Task item: Reproduce all the material verbatim, down to the last line.

Material supplied:
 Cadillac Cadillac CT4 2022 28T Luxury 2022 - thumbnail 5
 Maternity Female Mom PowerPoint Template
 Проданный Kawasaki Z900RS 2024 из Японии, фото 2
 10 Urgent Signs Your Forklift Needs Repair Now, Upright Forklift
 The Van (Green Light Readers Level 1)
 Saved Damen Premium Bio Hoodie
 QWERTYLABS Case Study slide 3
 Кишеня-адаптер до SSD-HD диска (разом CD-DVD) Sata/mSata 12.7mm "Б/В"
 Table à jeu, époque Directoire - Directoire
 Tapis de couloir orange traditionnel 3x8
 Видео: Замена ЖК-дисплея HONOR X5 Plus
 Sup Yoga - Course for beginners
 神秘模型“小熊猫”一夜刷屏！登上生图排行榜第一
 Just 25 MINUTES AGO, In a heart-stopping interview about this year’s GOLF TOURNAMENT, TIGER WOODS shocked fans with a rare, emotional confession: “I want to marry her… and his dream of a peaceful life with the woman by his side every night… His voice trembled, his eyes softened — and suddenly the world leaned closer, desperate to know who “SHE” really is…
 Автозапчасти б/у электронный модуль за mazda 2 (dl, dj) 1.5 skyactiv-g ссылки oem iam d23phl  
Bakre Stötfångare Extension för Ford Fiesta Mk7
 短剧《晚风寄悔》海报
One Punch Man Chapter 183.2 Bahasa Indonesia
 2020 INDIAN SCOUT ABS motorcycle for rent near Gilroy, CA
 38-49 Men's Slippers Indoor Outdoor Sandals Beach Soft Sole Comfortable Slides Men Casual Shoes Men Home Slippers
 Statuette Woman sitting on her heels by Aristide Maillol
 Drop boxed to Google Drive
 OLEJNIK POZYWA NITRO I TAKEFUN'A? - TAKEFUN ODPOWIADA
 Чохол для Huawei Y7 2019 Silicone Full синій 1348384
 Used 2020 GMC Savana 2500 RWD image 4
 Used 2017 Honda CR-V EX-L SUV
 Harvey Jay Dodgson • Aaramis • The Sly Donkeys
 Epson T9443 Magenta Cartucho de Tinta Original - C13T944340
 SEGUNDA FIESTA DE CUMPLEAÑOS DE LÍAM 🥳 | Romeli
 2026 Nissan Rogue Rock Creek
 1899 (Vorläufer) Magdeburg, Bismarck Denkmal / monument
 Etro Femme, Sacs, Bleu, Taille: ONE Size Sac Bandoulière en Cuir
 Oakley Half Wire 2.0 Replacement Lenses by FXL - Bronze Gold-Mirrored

Task solution:
 Cadillac Cadillac CT4 2022 28T Luxury 2022 - thumbnail 5
 Maternity Female Mom PowerPoint Template
 Проданный Kawasaki Z900RS 2024 из Японии, фото 2
 10 Urgent Signs Your Forklift Needs Repair Now, Upright Forklift
 The Van (Green Light Readers Level 1)
 Saved Damen Premium Bio Hoodie
 QWERTYLABS Case Study slide 3
 Кишеня-адаптер до SSD-HD диска (разом CD-DVD) Sata/mSata 12.7mm "Б/В"
 Table à jeu, époque Directoire - Directoire
 Tapis de couloir orange traditionnel 3x8
 Видео: Замена ЖК-дисплея HONOR X5 Plus
 Sup Yoga - Course for beginners
 神秘模型“小熊猫”一夜刷屏！登上生图排行榜第一
 Just 25 MINUTES AGO, In a heart-stopping interview about this year’s GOLF TOURNAMENT, TIGER WOODS shocked fans with a rare, emotional confession: “I want to marry her… and his dream of a peaceful life with the woman by his side every night… His voice trembled, his eyes softened — and suddenly the world leaned closer, desperate to know who “SHE” really is…
 Автозапчасти б/у электронный модуль за mazda 2 (dl, dj) 1.5 skyactiv-g ссылки oem iam d23phl  
Bakre Stötfångare Extension för Ford Fiesta Mk7
 短剧《晚风寄悔》海报
One Punch Man Chapter 183.2 Bahasa Indonesia
 2020 INDIAN SCOUT ABS motorcycle for rent near Gilroy, CA
 38-49 Men's Slippers Indoor Outdoor Sandals Beach Soft Sole Comfortable Slides Men Casual Shoes Men Home Slippers
 Statuette Woman sitting on her heels by Aristide Maillol
 Drop boxed to Google Drive
 OLEJNIK POZYWA NITRO I TAKEFUN'A? - TAKEFUN ODPOWIADA
 Чохол для Huawei Y7 2019 Silicone Full синій 1348384
 Used 2020 GMC Savana 2500 RWD image 4
 Used 2017 Honda CR-V EX-L SUV
 Harvey Jay Dodgson • Aaramis • The Sly Donkeys
 Epson T9443 Magenta Cartucho de Tinta Original - C13T944340
 SEGUNDA FIESTA DE CUMPLEAÑOS DE LÍAM 🥳 | Romeli
 2026 Nissan Rogue Rock Creek
 1899 (Vorläufer) Magdeburg, Bismarck Denkmal / monument
 Etro Femme, Sacs, Bleu, Taille: ONE Size Sac Bandoulière en Cuir
 Oakley Half Wire 2.0 Replacement Lenses by FXL - Bronze Gold-Mirrored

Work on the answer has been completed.